Gli uomini che, in Cina, dal VI al IX secolo, forgiarono lo Zen, furono degli eccentrici, se non addirittura dei contestatori. L'arte è uno degli aspetti che rimisero in discussione, e alcuni di essi furono persino degli iconoclasti. Un atteggiamento analogo lo si ritrova in Giappone, dove lo Zen si radicò nel XIII secolo. Fino all'epoca di Muromachi (1338-1573), l'arte buddistica giapponese si esprimeva essenzialmente attraverso la scultura e la pittura. Ma, non apprezzando affatto l'idolatria, i monaci Zen rifiutarono le immagini religiose. Tributare un culto a degli oggetti e recitare dei sutra in loro onore erano, per i monaci Zen soltanto atti superficiali che non coinvolgevano l'essere nella sua interezza. In campo artistico, privilegiarono il giardino come mezzo di espressione. Quale ragione dettò questa scelta?
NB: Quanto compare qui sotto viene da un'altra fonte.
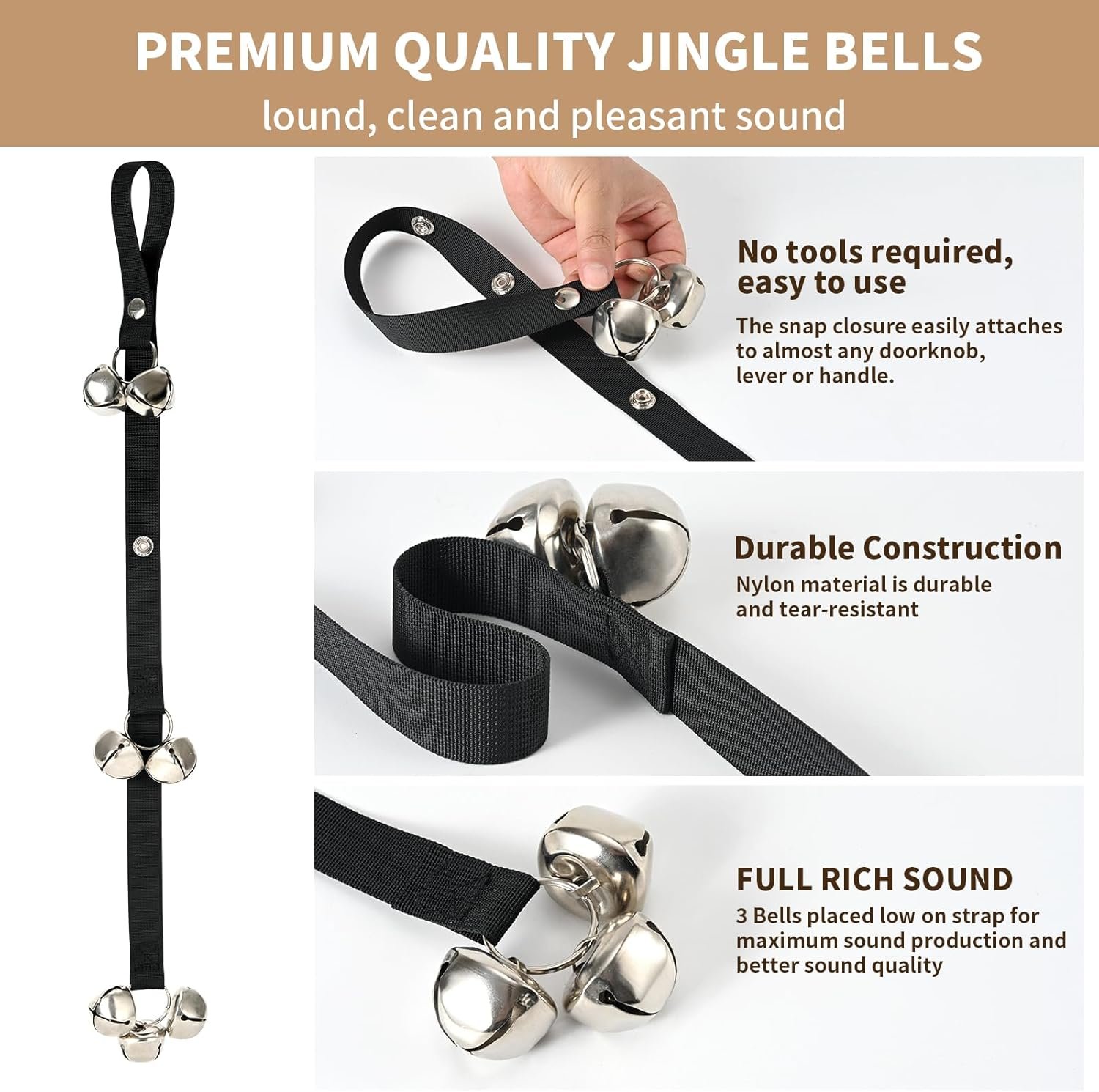 Upgraded Puppy Bells Dog Doorbells for Door Knob/Potty Training/Go Outside-Dog Bells for Puppies Dogs Doggy Doggie Pooch Pet Cat for Dog Lovers-Premium Quality-3 Snaps for Length Adjustment - Image 2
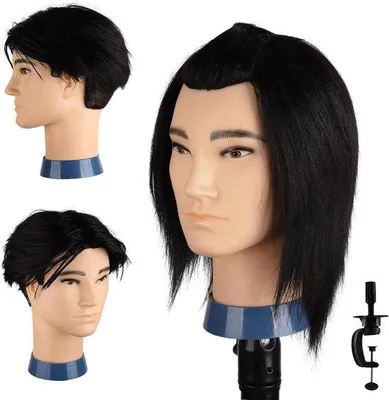 Produktbild von Übungskopf für Friseure – Kopf mit menschlichem Haar – zum Üben von Frisuren – 100 % Echthaar – 35 cm – Schwarz
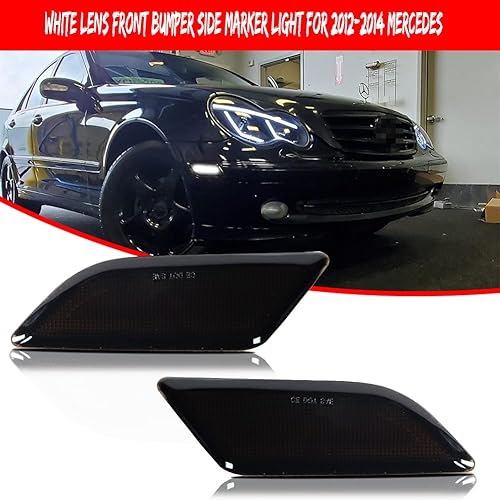 Miniatura 3 de Lente ahumada LED blanco parachoques delantero luz de marcador lateral para 2012 2013 2014 Mercedes Benz W204 LCI C250 C300 C350 Clase C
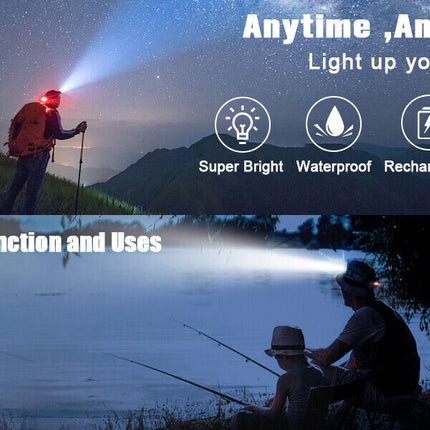 990000LM Rechargeable LED Headlamp Zoomable Torch Tactical Headlight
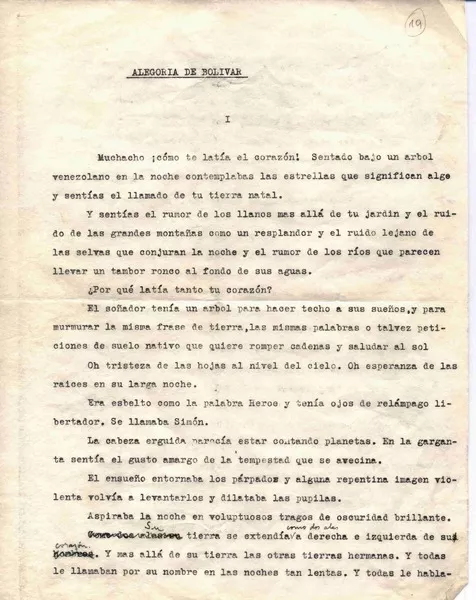 Alegoría de Bolivar  [manuscrito] Vicente Huidobro.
Nei suoi Dialoghi in sogno, Muso Soseki ha scritto: "Di chi fa una distinzione tra il giardino e l'ascesi, non si può dire che abbia trovato la vera Via". Il grande monaco intendeva dire con questo che costruire un giardino è un modo di praticare lo Zen. Una tale asserzione implica l'esistenza di stretti legami tra l'arte dei giardini e la ricerca della verità.
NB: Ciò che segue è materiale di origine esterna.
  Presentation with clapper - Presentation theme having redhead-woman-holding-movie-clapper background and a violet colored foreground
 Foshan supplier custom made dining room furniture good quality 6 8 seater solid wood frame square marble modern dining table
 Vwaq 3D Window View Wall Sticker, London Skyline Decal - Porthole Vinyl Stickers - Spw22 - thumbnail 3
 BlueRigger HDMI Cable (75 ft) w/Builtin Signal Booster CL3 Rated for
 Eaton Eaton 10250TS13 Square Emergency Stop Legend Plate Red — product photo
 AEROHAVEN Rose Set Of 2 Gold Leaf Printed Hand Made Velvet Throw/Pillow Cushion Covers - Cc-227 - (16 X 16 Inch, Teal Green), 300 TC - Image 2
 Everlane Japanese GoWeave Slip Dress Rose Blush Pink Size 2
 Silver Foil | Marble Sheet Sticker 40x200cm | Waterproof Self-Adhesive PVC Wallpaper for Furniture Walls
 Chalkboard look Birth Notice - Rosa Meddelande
Nei giardini dell'epoca di Heian (794-1185), tutti gli elementi disponibili erano messi in opera: alberi, erbe e fiori, sabbia, pietre e acque; anche gli uccelli e i pesci contribuivano a comporre il quadro. Inoltre, si preferivano gli alberi a foglie caduche, le cui dorme e colori variavano col susseguirsi delle stagioni: i fiori si schiudevano in primavera, il fogliame verdeggiava in estate, poi rosseggiava in autunno e i rami si spogliavano in inverno. Grazie all'eterna ronda delle stagioni, tali giardini traducevano il dogma buddistico del ciclo incessante delle nascite; e mostravano anche il carattere effimero di questo mondo in cui tutto cambia continuamente.
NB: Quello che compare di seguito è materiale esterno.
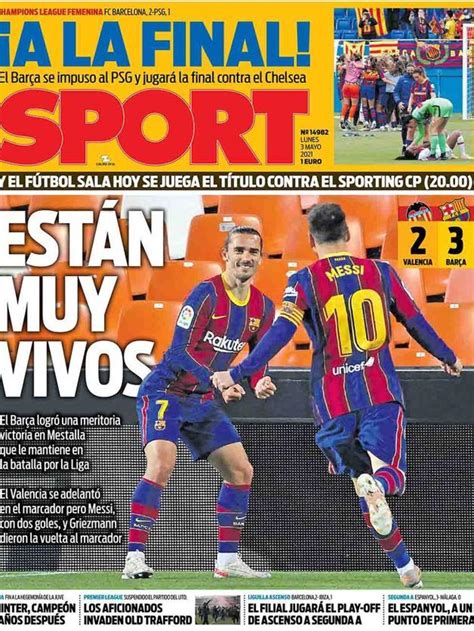 La portada del diario SPORT (03/05/2021)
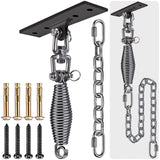 Dolibest Hammock Chair Hanging Kit, Heavy Duty Swing Hanger and 3.28ft Chain with Spring (6MM), Wall Ceiling Hooks for Yoga Indoor Playground Hanging Chair Hammock Chair4 Screws, 4 Expansion Screws Dolibest
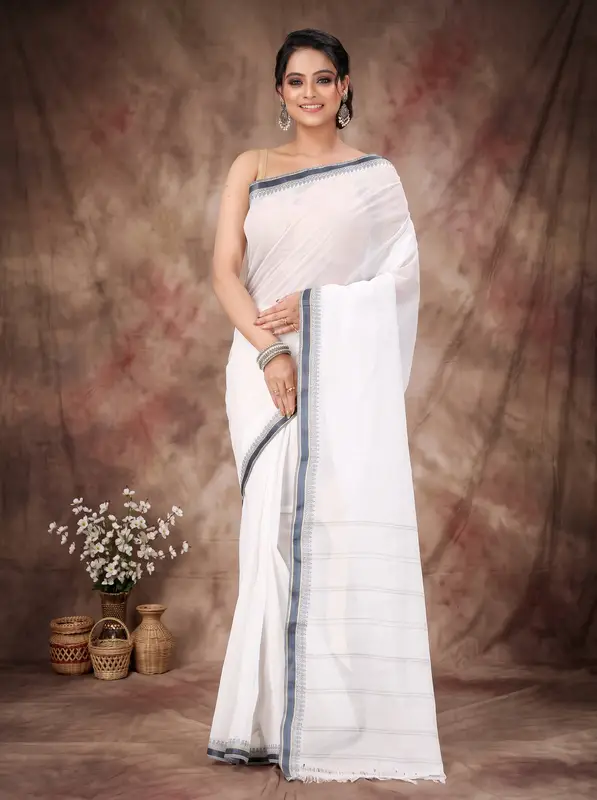 DipDiya Pure Cotton White Black Subra Woven with Love Tant Sarees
I giardini Zen dell'epoca Muromachi sono frutto di una concezione molto diversa. Una delle loro caratteristiche è la stretta limitatezza dei materiali: si impiegano soprattutto la pietra e la sabbia, talvolta alcuni vegetali, all'occorrenza arbusti a crescita lenta e a foglie persistenti di modo che questi giardini quasi immutabili risultano come ancorati nel tempo. I giardini dell'epoca Heian riflettevano le vicissitudini della vita umana. I monaci Zen hanno rifiutato i fenomeni transitori, le apparenze illusorie; hanno svestito la natura per rivelarne la sostanza; i loro giardini spogli esprimono l'essenza universale.
Secondo lo Zen, non si può accedere alla conoscenza suprema studiando una dottrina per via analitica; bisogna procedere in maniera intuitiva e diretta. È questo il senso di una massima attribuita a Huike, il secondo patriarca dello Zen: "Puntando direttamente al cuore umano, cogliere la sua natura originaria e giungere al Risveglio". Si può così "giungere al Risveglio" - comprendere cioè la verità ultima - tramite gli oggetti naturali. È importante allora spogliare la natura della sua scorza, eliminare tutto ciò che può essere tale. Riducendo la natura alle dimensioni minime e riportandola alla sua espressione più semplice, si riesce a estrarne l'essenza. Ed è cogliendo l'essenza della natura che l'uomo può scoprire in sé la sua "natura originaria". Ecco perché i monaci Zen "scorticarono" la natura, prendendone in considerazione soltanto la pietra, la sabbia e alcune piante. Così i giardini che costruirono presentavano loro un'immagine dell'universo in una forma ridotta agli elementi essenziali, nella quale potevano ravvisare la loro fisionomia.
Questi giardini ebbero anche un ruolo nella pratica dello Zen. Uno dei mezzi che i maestri utilizzavano per aprire gli occhi ai loro discepoli è il koan, una sorta di enigma apparentemente stupido che si può risolvere soltanto per assurdo. C'erano anche koan pittorici.